Sehr geehrter Herr Pfluger
Danke für die Zustellung Ihres Textes und die Gelegenheit zur Stellungnahme. Allerdings habe ich nicht den Eindruck, dass Sie an meiner Sicht bzw. der von Billag wirklich interessiert sind. Ihre These ist gemacht und der Artikel geschrieben.
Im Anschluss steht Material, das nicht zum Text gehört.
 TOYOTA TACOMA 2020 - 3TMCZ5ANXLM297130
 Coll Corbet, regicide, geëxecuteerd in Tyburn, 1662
Ich versuche trotzdem die Sicht von Billag einzubringen: Im Auftrag des Bundes führen wir zwei Hauptaufgaben aus:
a) die Bevölkerung regelmässig informieren über die Radio- und Fernsehgebühren (=Informationsaufgabe);
b) die Radio- und Fernsehgebühren erheben bei jenen Haushalten und Betrieben, die gemäss dem von Ihnen korrekt zitierten Art.68 RTVG gebührenpflichtig sind (=Erhebungsaufgabe). 
Wir nehmen die Informationsaufgabe u.a. dadurch war, dass wir Adressen anschreiben, welche bisher nicht oder nur für ein Medium (Radio bzw. TV) bei uns angemeldet sind. Sie haben im September 2012 von uns ein solches Informationsschreiben samt Begleitunterlagen erhalten. Wieso Sie allein durch den Umstand, dass Sie ein sachliches Infoschreiben erhalten, gleich „eine Finte“ vermuten, ist mir schleierhaft. Wir operieren grundsätzlich nicht mit „Finten“. 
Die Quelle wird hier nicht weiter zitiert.